(Cheatsheet.com) Actress and singer Diahann Carroll changed the face of American entertainment as we know if by breaking barriers for African-American celebrities. Carroll was the star of Julia, the first television series about a black professional woman that wasn’t portrayed in a stereotypical or offensive light. Known for her elegant singing voice and grace, Carroll also made it to Broadway, being the very first black woman to win a Tony Award for her role in the musical, No Strings.
After 69 years of charming and gracing the world with her many talents and tenacity, Carroll passed away on Oct. 4, 2019, from complications from breast cancer, a disease she battled for 22 years. Keep reading to learn more about Diahann Carroll and the legacy she left behind.
Carol Diahann Johnson was born in the Bronx, New York City on July 17, 1935. Her father John Johnson was a subway conductor, while her mother, Mabel Faulk was a nurse. Both of her parents supported her dreams of entering the entertainment industry, enrolling her in the Fiorello H. LaGuardia High School of Music & Art and Performing Arts, where she attended school with actor, Billy Dee Williams.
Her parents also enrolled her in dancing, singing, and modeling lessons and she started modeling for Ebony at the age of 15. She began to enter television contests under the name Diahann Carroll. After graduating from high school, Carroll began to attend New York University but dropped out before graduating to pursue her career in entertainment.
Diahann Carroll’s career
Carroll’s entertainment career launched when she was 18 years old, having won $1,000 for her cover of the Jerome Kern/Oscar Hammerstein song, “Why Was I Born?” She continued to win shows and perform at nightclubs.
Her first film debut was a supporting part in the film Carmen Jones, where Carroll played a friend of the main character. She also went on to play Clara in Porgy & Bess. In 1961, she starred alongside Sidney Poitier, Paul Newman, and Joanne Woodward in Paris Blues.

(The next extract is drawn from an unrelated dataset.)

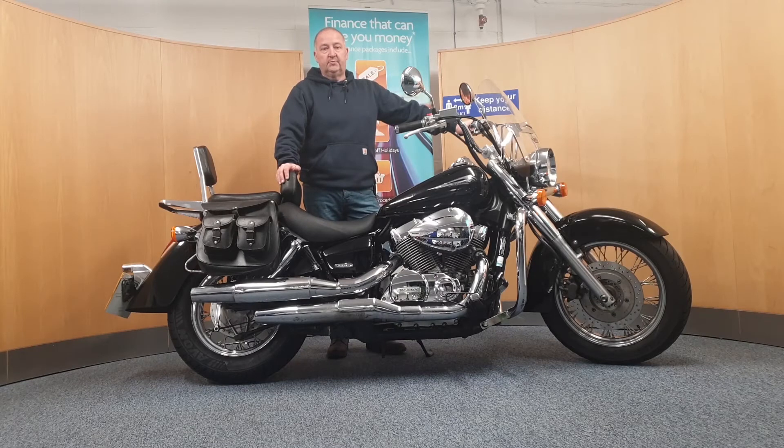If you want any more information on this bike, or if you think there's something that we've missed on the video, we can do a close-up video or photograph and send it over to you on WhatsApp. Give Dawn or Dave a call on 0161 713 3219 and they'll be happy to help.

In 1968, Diahann Carroll became a household name for her role as Julia in the television series Julia. Her performance earned her a Golden Globe Award for “Best Actress In A Television Series” and an Emmy nomination.
Carroll went on to appear in shows like Grey’s Anatomy, for which she received an Emmy nomination for “Outstanding Guest Actress in a Drama Series” and White Collar.
Over the course of her lifetime, Carroll received five Emmy nominations, two Golden Globe nominations, one Academy Award nomination, and more.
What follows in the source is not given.